Professor John McCanny, CSIT principal investigator, believes the new centre is set to become globally recognised thanks to the breadth and depth of its technological capabilities and because it represents a new international paradigm for innovation: "It is really only now that the international community is beginning to tackle cyber security in a co-ordinated way. Our work at CSIT is therefore of fundamental importance at this critical time in the development of the Internet and related technologies.
"CSIT has an excellent technology platform based on world-leading expertise at Queen's and its already existing Institute for Electronics, Communications and Information Technology (ECIT) in the Northern Ireland Science Park. Our approach to exploiting the commercial and economic benefits of these strengths represents a major advance on how UK universities have attempted this in the past.
"The approach adopted within CIST contrasts with the more conventional way academic research is undertaken. Our starting points tend to be larger "mission-driven" projects involving sizeable teams for which ambitious and challenging end goals have been identified.
"In addition, CSIT has a strong entrepreneurial ethos with a novel commercialisation process built into our management structure. This enables our researchers to work effectively alongside potential customers and specialists from industry and other academic institutions. We are confident that in this way, we will be able to fast track the development of marketable applications of our technologies to the benefit of UK industry and the wider economy as a whole," added Professor McCanny.
One of CSIT's fundamental challenges is to develop systems to be deployed at the core of next generation computer and telecoms networks to provide much higher levels of protection than is possible with the Internet security tools installed on today's PCs.
Making this a reality will require significant advances in high-performance network and content processing technology - two research areas for which Queen's University Belfast has earned an international reputation.
Building on this work, CSIT is developing powerful processors capable of screening huge volumes of data - equivalent to the Internet traffic produced by over 10,000 households - for malicious content and behavior in real time.

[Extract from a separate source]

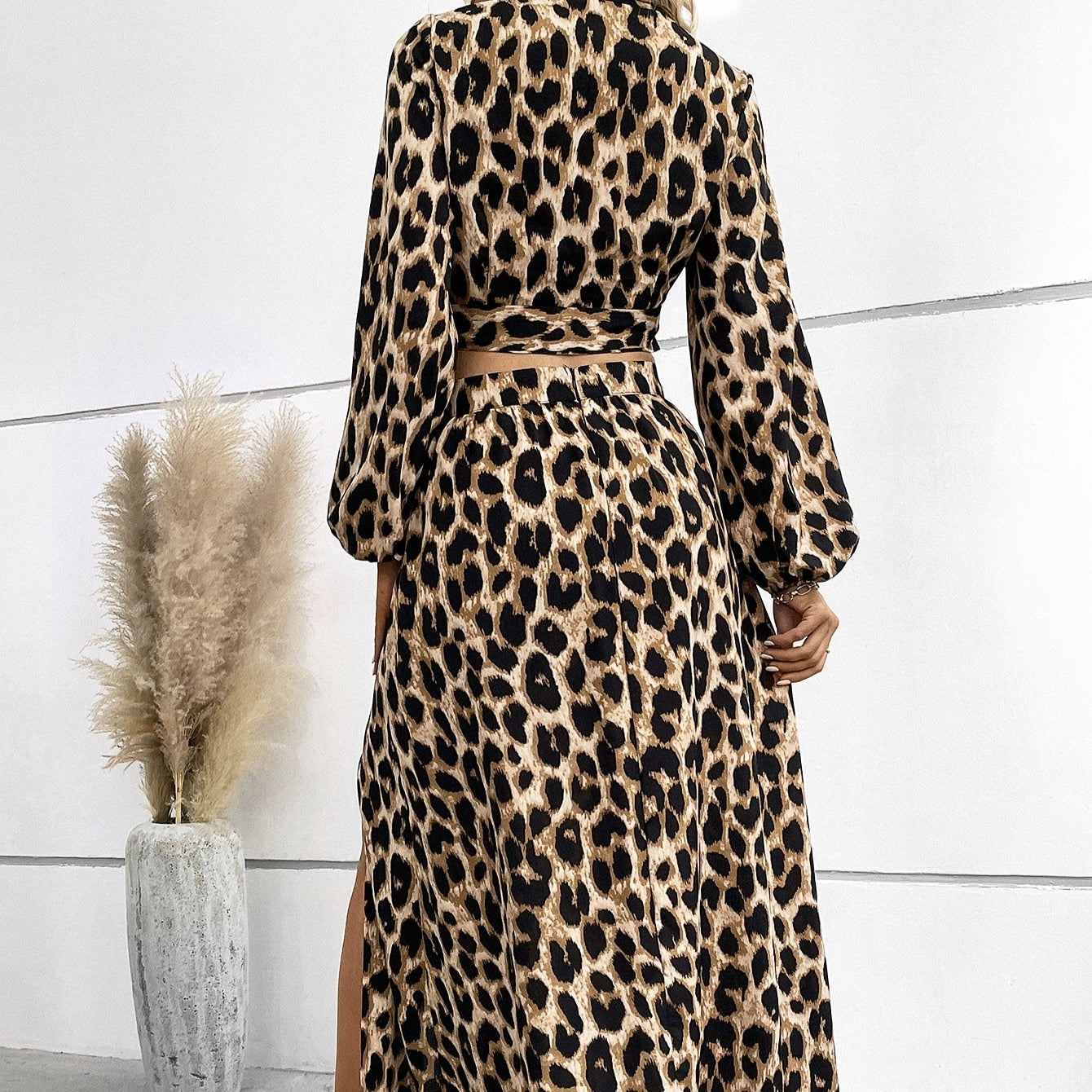 Elegante Dames Set — Wikkel-Top + Split Maxi-Rok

The processors are the most advanced of their kind and are ideally suited for use at the heart of sophisticated systems controlled by complex sets of rules. These can be written to prevent identity theft and fraud or to protect children from on-line grooming. When an on-line security risk or crime is identified, they will be capable of triggering an immediate response.
By bringing together a wide range of security related research fields and technologies under one roof, CSIT is also aiming to pioneer the convergence of network, data and physical security through the development of new technologies and systems. This work is expected to lead to significant improvements in the effectiveness of CCTV technology in combating anti-social behaviour and street crime.
Currently, while much criminal activity is captured by the UK's four million CCTV cameras, very little is observed in real time because of the high cost of employing sufficient numbers of people to monitor activity on screens. This means that while the data they generate may be used to help prosecute offenders, it is of little value in preventing a crime before it occurs.
CSIT aims to tackle this problem by using innovative hardware and software designed to analyse CCTV camera data in real time.
CSIT's research also covers specific areas which have been identified as being of strategic national security importance in major reports produced recently by the British and American governments.